Automatic Migration

This section describes how to migrate PyTorch training scripts from GPU platforms to the Ascend NPU platform. The automatic migration mode can migrate PyTorch 2.1.0 and 2.2.0 training scripts. This mode is simple and involves the least content to modify. You only need to import the library code to the training script.

Restrictions

  • The automatic migration tool uses the dynamic feature of Python, but torch.jit.script does not support the dynamic syntax of Python. Therefore, if you use the automatic migration function when the original training script contains torch.jit.script, conflicts will arise. Currently, the torch.jit.script function is shielded during automatic migration. If the torch.jit.script function must be used in the user script, use Migration Using PyTorch GPU2Ascend for migration.
  • The automatic migration tool may conflict with the third-party libraries adapted to Ascend. If a conflict occurs, use Migration Using PyTorch GPU2Ascend for migration.
  • Currently, automatic migration does not support the channel_last feature. You are advised to use contiguous instead.
  • Only PyTorch 2.1.0 and later versions are supported.
  • If the backend used in the original script is NCCL, the backend is replaced with HCCL by the automated porting tool when init_process_group initializes the process group. If the subsequent code logic contains the judgment on whether the backend is NCCL, for example, assert backend in ['gloo', 'nccl']/if backend == 'nccl', manually change character string nccl to hccl.
  • If the user training script contains the torch.cuda.default_generators interface that is not supported by the Ascend NPU platform, manually change the interface to torch_npu.npu.default_generators.

Migration Operation

  1. Import the library code for automatic migration.

    Insert the following reference content in the first line of the training entry .py file. For example, insert the following reference content into the first line of train.py:

    1
    2
    3
    4
    import torch
    import torch_npu
    from torch_npu.contrib import transfer_to_npu   
    .....
    
  2. The migration is complete. Run the modified model script on the Ascend NPU platform according to the training process provided by the original script in the Training Configuration.
  3. If the weights can be saved after the training is complete, the weight saving function is successfully migrated. If the migration fails, rectify the fault by referring to Handling Migration Exceptions.

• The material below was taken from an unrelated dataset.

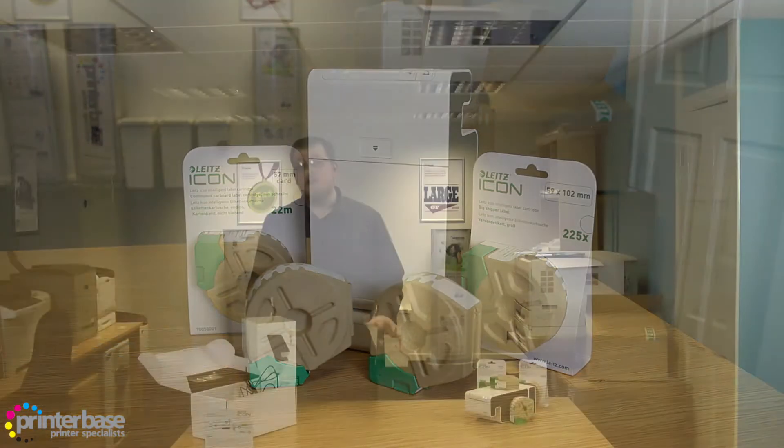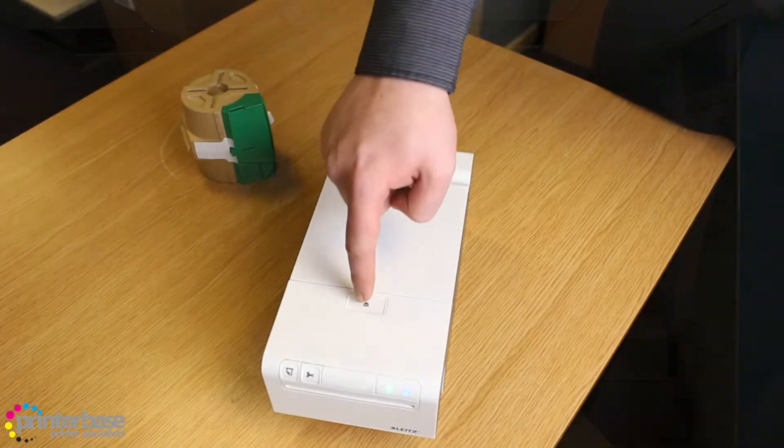In the box you get the printer itself, a starter label cartridge, a power adapter, a user manual, and a cleaning card just in case there are any blockages.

Handling Migration Exceptions

  • If the model contains the evaluation and online inference functions, you can import the automatic migration library code to the corresponding script and determine whether the migration is successful by checking whether the evaluation inference result and log printing status are consistent with those of the GPU and CPU.
  • If errors are reported for some CUDA APIs during training, certain operator or framework APIs may not be supported. You can perform the following operations to address the errors:
    • Use the analysis and migration tool to analyze the model script, obtain the list of APIs whose support statuses are not clear, and submit an issue to the Ascend open source community for help.
    • For details about how to adapt an Ascend C operator, see "Huawei-developed Ascend Plug-in > Single-Operator Adaptation OpPlugin Development" in Ascend Extension for PyTorch Suites and Third-Party Libraries .
    • Perform the following steps to move the unsupported APIs to CPUs for execution:
      1. Obtain the Ascend PyTorch source package. For details, see Installing PyTorch.
      2. Go to the directory where the obtained source package is stored and modify npu_native_functions.yaml.
        cd pytorch/torch_npu/csrc/aten
        vi npu_native_functions.yaml

        Add the operator API names under the tocpu configuration.

         1
         2
         3
         4
         5
         6
         7
         8
         9
        10
        11
        tocpu:
          - angle
          - mode
          - nanmedian.dim_values
          - nansum
          - native_dropout
          - native_dropout_backward
          - poisson
          - vdot
          - view_as_complex
          - view_as_real
        
      3. Recompile the framework plugin package and install it by referring to Installing PyTorch.
      4. Execute the migrated training script again to check whether the model can be trained.